Before I knew anything about it other than its title, I immediately thought, like many others did too I’m sure, that the recently released film Son of Rambow was about the life of French poet Arthur Rimbaud (or his son, if he had one). It’s always struck me as somewhat perverse and problematic that Arthur Rimbaud is actually pronounced Arthur ‘Rambo’. Eric Cantona encountered this when interviewed by the British press about his influences. He said ‘Rimbaud’, they all thought he said and meant ‘Rambo’. There’s no getting away from it: France’s great symbolist poet is pronounced exactly the same as the mumbling murderous Vietnam war veteran (apparently the author of First Blood actually had Rimbaud’s A Season In Hell in mind whilst writing it). So, for this reason, I thought Son of Rambow was a kind of play on that idea. But it’s not. At all. That doesn’t mean it’s not good – it looks great. But what a shame it’s not about Rimbaud. What a missed opportunity.

Arthur Rimbaud's amazing life story (the film Total Eclipse only concerns Rimbaud’s relationship with Verlaine) deserves a full Bob Dylan-style I’m Not There (in which one of the characters is actually called Arthur Rimbaud) movie treatment – only transposed as I Is Another (Je suis un autre), Rimbaud’s famously enigmatic quotation. From prodigious child poet, to doomed homosexual love affair affair with poet Paul Verlaine and being shot by him (in the hand), then giving up poetry aged 21 (no, not because of the bad hand), he spent the remaining years of his life travelling, finally settling in Ethiopia as a merchant, gun runner and possible slave trader, dying aged 37. His life is the stuff of legend.

Hugely influential – maybe more for his tragic romantic life than his poetry – Rimbaud’s restless, mystic, rebellious, minstrel persona was picked up by beat writers in the 60s and musicians such as Jim Morrison, Bob Dylan and Patti Smith (hear her shouting ‘Go Rimbaud!
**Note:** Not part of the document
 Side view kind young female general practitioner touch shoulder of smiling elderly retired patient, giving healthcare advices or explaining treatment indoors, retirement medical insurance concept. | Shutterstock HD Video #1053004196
Go Rimbaud!’ in the song Land – they could have used it on the soundtrack in the latest Rambo movie – it sounds like she’s saying ‘Go Rambo!’).
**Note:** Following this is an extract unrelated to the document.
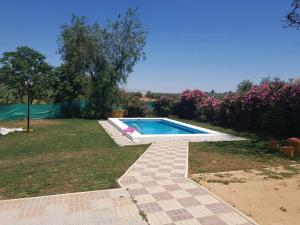 a swimming pool in a yard with pink flowers at Lo Conseguí in Bollullos de la Mitación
Pronunciation of foreign writers can be problematic – especially if you've never heard them pronounced by anyone else. Luckily there’s hardly ever a situation when it happens. When it does, it can be embarrassing. It’ll usually happen at a party when you’re trying to impress some girl (or guy) studying French literature with your knowledge of 19th century French poetry and you’ll say you love Arthur Rim-bald.

The contemporary misanthropic French writer Michel Houellebecq, although not Rimbaud's successor, has many similar qualities. Mainly the daunting name. It’s like a question you don’t know in a quiz: once you know it, it’s easy, and you knew it all along anyway, and you’re never going to forget it: Michel Houellebecq is pronounced Michelle Well-beck.